I have trained a resnet50 model. When running inference using an early checkpoint (0003.params) on CPU, it runs on reasonable speed. However, it is much slower to run inference using a later checkpoint (0023.params) on CPU. Both models runs very fast at similar speed on GPU. I ran the profile and it turns out that the issue is at Conv Layer, where some Conv take up to 110ms.
Here are the profiling results:
fast model 0003.params on CPU:
Profile Statistics:
Note the difference in units for different entries.
Device Storage
=================
Name Total Count Min Use (kB) Max Use (kB) Avg Use (kB)
---- ----------- ------------- ------------- -------------
Memory: cpu/0 672 0.0000 214184.3125 107092.1562
MXNET_C_API
=================
Name Total Count Time (ms) Min Time (ms) Max Time (ms) Avg Time (ms)
---- ----------- --------- ------------- ------------- -------------
MXNDArrayWaitAll 1 5506.6421 5506.6421 5506.6421 5506.6421
MXExecutorForward 100 13.2700 0.0760 0.3040 0.1327
MXNet C API Calls 2301 2.3010 0.0010 2.3010 1.1500
MXImperativeInvokeEx 100 1.5130 0.0090 0.0560 0.0151
MXNDArrayGetShapeEx 1200 0.3880 0.0000 0.0090 0.0003
MXNDArrayReshape64 100 0.1490 0.0010 0.0040 0.0015
MXExecutorOutputs 100 0.0730 0.0000 0.0020 0.0007
MXNDArrayGetContext 200 0.0390 0.0000 0.0010 0.0002
MXNDArrayFree 200 0.0340 0.0000 0.0010 0.0002
MXNDArrayGetDType 200 0.0250 0.0000 0.0010 0.0001
MXNDArrayGetStorageType 100 0.0150 0.0000 0.0010 0.0002
MXNet C API Concurrency 4602 0.0000 0.0000 0.0010 0.0000
operator
=================
Name Total Count Time (ms) Min Time (ms) Max Time (ms) Avg Time (ms)

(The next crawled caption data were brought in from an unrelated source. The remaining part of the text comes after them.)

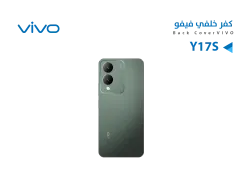 ASA كفر خلفي فيفو VIVO Y17S اسود - منتج عالي الجودة من مجموعة السيفي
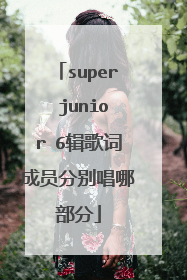 super junior 6辑歌词成员分别唱哪部分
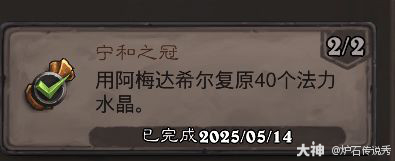 炉石传说宁和之冠成就攻略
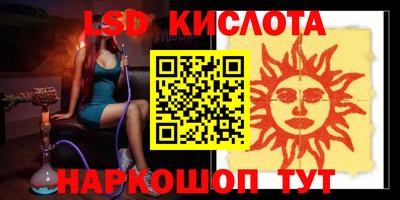spice Краснознаменск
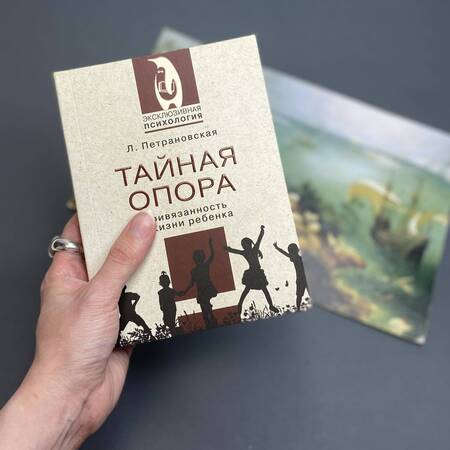 Фотография книги "Петрановская: Тайная опора"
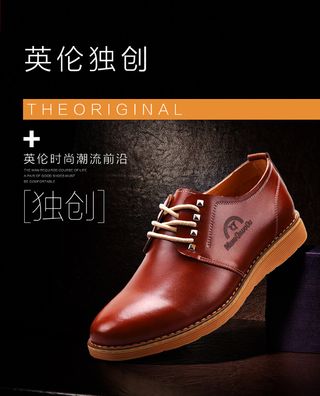 国庆 元旦 双十一 双十二 促销 ...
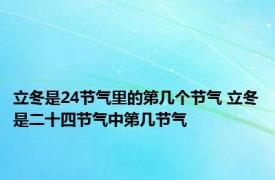 立冬是24节气里的第几个节气 立冬是二十四节气中第几节气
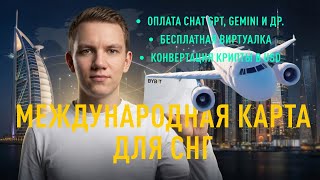 КАК ПОЛУЧИТЬ МЕЖДУНАРОДНУЮ ВИРТУАЛЬНУЮ КАРТУ BYBIT MASTERCARD ДЛЯ СНГ ДЛЯ ОПЛАТЫ Ai ПРИЛОЖЕНИЙ В 26г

---- ----------- --------- ------------- ------------- -------------
_sg_mkldnn_conv 5300 3687.2700 0.0430 3.5340 0.6957
LeakyReLU 2500 722.8160 0.1400 2.5450 0.2891
_sg_mkldnn_fully_connected 100 194.0460 1.8040 2.4230 1.9405
BatchNorm 2600 102.9240 0.0120 0.2850 0.0396
Dropout 100 14.9120 0.1140 0.2520 0.1491
DeleteVariable 559 6.8570 0.0010 1.3360 0.0123
CopyCPU2CPU 100 1.5180 0.0130 0.0240 0.0152
_minus_scalar 100 1.3820 0.0110 0.0230 0.0138
_mul_scalar 100 0.9680 0.0070 0.0260 0.0097
slow model 0023.params on CPU
Profile Statistics:
Note the difference in units for different entries.
Device Storage
=================
Name Total Count Min Use (kB) Max Use (kB) Avg Use (kB)

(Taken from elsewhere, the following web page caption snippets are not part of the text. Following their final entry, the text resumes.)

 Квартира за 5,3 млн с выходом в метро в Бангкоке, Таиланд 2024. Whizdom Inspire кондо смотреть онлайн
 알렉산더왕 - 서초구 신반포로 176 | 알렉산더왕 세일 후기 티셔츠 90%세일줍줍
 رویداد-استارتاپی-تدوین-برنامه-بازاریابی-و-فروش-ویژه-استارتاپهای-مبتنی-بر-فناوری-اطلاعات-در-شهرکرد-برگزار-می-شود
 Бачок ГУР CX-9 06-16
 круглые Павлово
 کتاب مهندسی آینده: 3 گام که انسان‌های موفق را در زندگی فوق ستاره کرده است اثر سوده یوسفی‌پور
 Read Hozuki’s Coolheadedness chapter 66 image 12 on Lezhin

---- ----------- ------------- ------------- -------------
Memory: cpu/0 672 0.0000 214184.3125 107092.1562
MXNET_C_API
=================
Name Total Count Time (ms) Min Time (ms) Max Time (ms) Avg Time (ms)
---- ----------- --------- ------------- ------------- -------------
MXNDArrayWaitAll 1 78402.4453 78402.4453 78402.4453 78402.4453
MXExecutorForward 100 15.5860 0.0890 0.2150 0.1559
MXNet C API Calls 2301 2.3010 0.0010 2.3010 1.1500
MXImperativeInvokeEx 100 1.5790 0.0090 0.0270 0.0158
MXNDArrayGetShapeEx 1200 0.5500 0.0000 0.0100 0.0005
MXNDArrayReshape64 100 0.1820 0.0010 0.0090 0.0018
MXExecutorOutputs 100 0.0740 0.0000 0.0030 0.0007
MXNDArrayGetContext 200 0.0540 0.0000 0.0010 0.0003
MXNDArrayGetDType 200 0.0390 0.0000 0.0010 0.0002
MXNDArrayFree 200 0.0360 0.0000 0.0010 0.0002
MXNDArrayGetStorageType 100 0.0260 0.0000 0.0010 0.0003
MXNet C API Concurrency 4602 0.0000 0.0000 0.0010 0.0000
operator
=================
Name Total Count Time (ms) Min Time (ms) Max Time (ms) Avg Time (ms)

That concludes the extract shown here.